When Chekov’s Gun Doesn’t Fire

Selling a world is hard.

This is true of science fiction and fantasy, but even more so for literary novels. Inconsistencies in invented worlds can be explained away through further invention, while reality has no such excuse.

I’ve particularly noticed this in novels that are, for lack of a better term, family stories. In this category I put White Teeth by Zadie Smith, There, There  by Tommy Orange and The House of Broken Angels by Luis Alberto Urrea. Each book is intricately wrought, weaving different perspectives across generations in the past and present to an ultimate, dramatic conclusion, with guns drawn. The way these novels succeed or fail in selling these extraordinary endings to ordinary stories intrigues me.   

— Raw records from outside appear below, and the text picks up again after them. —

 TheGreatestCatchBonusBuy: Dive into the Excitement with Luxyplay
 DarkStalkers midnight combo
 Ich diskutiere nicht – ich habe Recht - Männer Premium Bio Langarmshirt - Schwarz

The novels, it should be noted, are unlikely bedfellows, compared mostly because they happened to be ones I read. White Teeth tells the story of at least four families over decades, while There, There tackles a few weeks with flashbacks and House of Broken Angels takes place over roughly 48 hours and concerns itself mainly with a single family. The Commonwealth milieu of White Teeth is distinct from the Native communities of Oakland in There, There and from the Mexican American De La Cruz family of The House of Broken Angels.

All three are enjoyable, engaging reads. The characters are unexpected, delightful, and feel utterly real. It is, perhaps, because the novels do such a good job of selling their respective stories that the overblown endings of White Teeth and There, There felt like a bit of a letdown.

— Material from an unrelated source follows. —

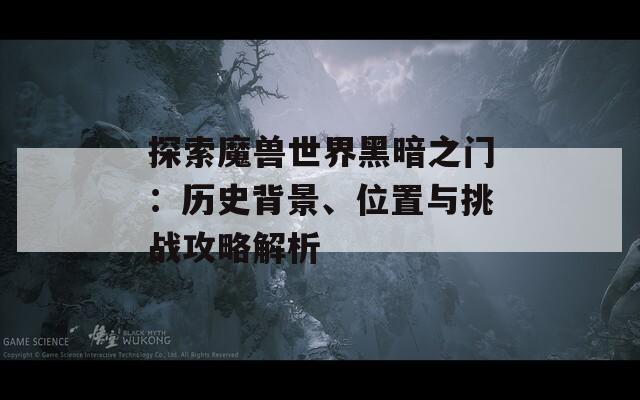 探索魔兽世界黑暗之门：历史背景、位置与挑战攻略解析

This is not the say the endings are bad. White Teeth is slightly absurdist from the start, so the overly convoluted confluence of nearly every significant character for the climatic finally is not unexpected. There, There begins with a devastating essay about violence inflicted on Native communities, and the ending — another barely plausible re-union scene ending in a mass shootout — has a narrative logic to it.

I found, however, something jarring about them both. In real life there are no coincidental climaxes, where disparate characters from across the generations arrive just in time for a great showdown. People do get shot in real life, but the extravagant violence, particularly in There, There, where a straightforward robbery gone wrong turns into a mass casualty event, breaks the illusion of reality.

But The House of Broken Angels manages to pull off the climatic ending — re-union, reconciliation, even a gun — by curbing its drama. Urrea sets the plot around a birthday party, the perfect excuse to bring everyone together. As much as the other two novels, perhaps even more so, The House of Broken Angels deals with extreme experiences — violence, abuse, murder, sex, crime, poverty, addiction. But they all feel more real, not less so, by being slightly undersold and, frequently, awkward.

The climatic conclusion finally arrives, an estranged child turns up just as a gunman turns up to settle a score, the moment is defused, the gun dropped, the gunman flees. The threatened escalation from familial drama to violence and blood is rapidly brought back into the realm of the real.

Chekov’s gun is a rule for writing satisfying narratives, not realistic ones. But in the real world we are used to untidy endings, to threatened disasters that end up being underwhelming, in a certain sense, to disappointment. If the world being sold is ours, a little narrative dissatisfaction can make it feel just that little bit more real.